Elle a été fondée par Ludwig Binswanger et Medard Boss, tous deux psychiatres exerçant en Suisse alémanique. Issu d'une longue et prestigieuse lignée de psychiatres (son oncle Otto Binswanger soigna Nietzsche), L. Binswanger dirigea la célèbre clinique de Bellevue, à Kreuzlingen. Si Binswanger ne fonda pas d'école pour enseigner la méthode qu'il avait élaborée, son œuvre abondante a permis de constituer un véritable corps de doctrine. En revanche, Medard Boss développa dans les années 1960 à Zürich une formation en Daseinsanalyse (Daseinsanalytisches Institut für Psychotherapie und Psychosomatik) pour les psychiatres et les psychothérapeutes. À Zürich, la Daseinsanalyse est principalement représentée et enseignée aujourd'hui par le Dr. Alice Holzhey-Kunz au Daseinsanalytisches Seminar (DaS).
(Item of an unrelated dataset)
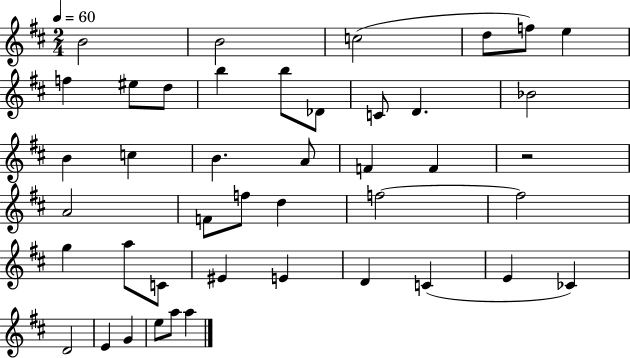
B4/h B4/h C5/h D5/e F5/e E5/q F5/q EIS5/e D5/e B5/q B5/e Db4/e C4/e D4/q. Bb4/h B4/q C5/q B4/q. A4/e F4/q F4/q R/h A4/h F4/e F5/e D5/q F5/h F5/h G5/q A5/e C4/e EIS4/q E4/q D4/q C4/q E4/q CES4/q D4/h E4/q G4/q E5/e A5/e A5/q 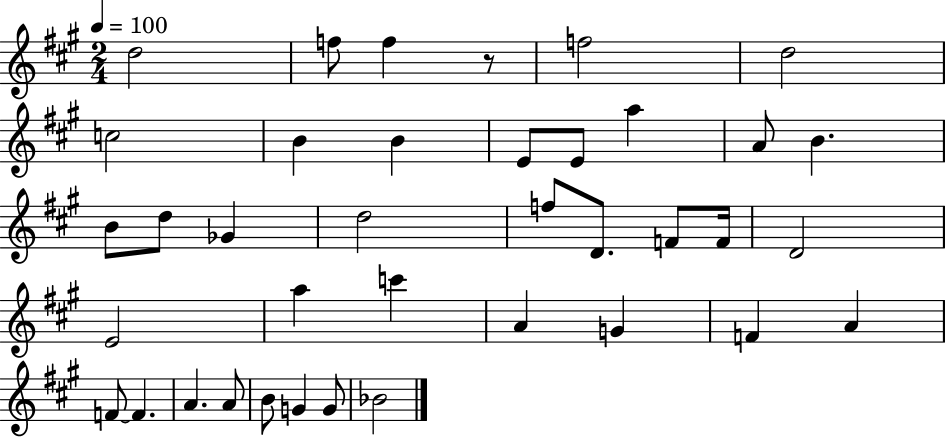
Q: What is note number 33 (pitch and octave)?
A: A4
Une méthode de psychothérapie d'inspiration psychanalytique
L'ouvrage du philosophe Paul RicœurDe l'interprétation. Essai sur Freud (1965) a marqué les analyses fondamentales traitant de la psychanalyse freudienne. L'un des chapitres traite notamment d'une « énergétique sans herméneutique », faisant ainsi référence à l'aspect énergétique (énergie psychique)[De quoi ?], aux théories des pulsions, à la libido, au quantum d'affect et au principe dit « économique », auxquels on pourrait rajouter les théories structuralistes (structures névrotique et psychotique ; organisation borderline, etc.), topiques (CS, PCS, ICS et Moi, ça, Surmoi) et psychogénétiques (stades oral, anal, phallique ; œdipe). Ricœur met en lumière l'opposition psychanalytique - fondamentale - non pensée entre l'énergétique et le sens. Concernant le rêve, Ricœur met le doigt sur cette tension fondamentale non thématisée : « Ainsi le rêve est-il, en tant qu'expression du désir, à la flexion du sens et de la force. » Du symbole au désir, l'argumentation de Ricœur ne parvient toutefois pas à présenter une synthèse de la dualité conceptuelle freudienne. De plus, l'approche de la question du sens n'inclut pas celle de l'affect, ce qui conduit l'analyse du psychisme dans une impasse, dans la mesure où le psychisme se définit par le sens (Vergote, 1958 in Ricœur 1965 p. 399) réduit aux seuls aspects dynamique et historique. De son côté, l'affect, réduit au quantum d'affect, n'est considéré que comme un « quantitatif », un « innommable » (p. 479) muet « à la racine du dire ». Sur la question de l'affect, Ricœur ne propose pas une solution permettant de se démarquer de manière décisive de Freud. Dans « Le conflit des interprétations » (1969), Ricœur va se distancier de l'ontologie de la compréhension ou ontologie fondamentale de Heidegger, qu'il qualifie - avec beaucoup de respect, certes - de « voie courte », prétextant que cette herméneutique se soustrait d'emblée à toute exigence méthodologique, orientant ainsi son herméneutique sur une base sémantique, puis traitant de la structure, du langage, du symbole, des religions... L'affect au sens psychanalytique, et du point de vue herméneutique existential « la Stimmung », sont passés à la trappe. L'extraordinaire travail de Ricœur concernant l'herméneutique en psychanalyse ne permet plus d'aborder la question de la souffrance (Leiden) psychique.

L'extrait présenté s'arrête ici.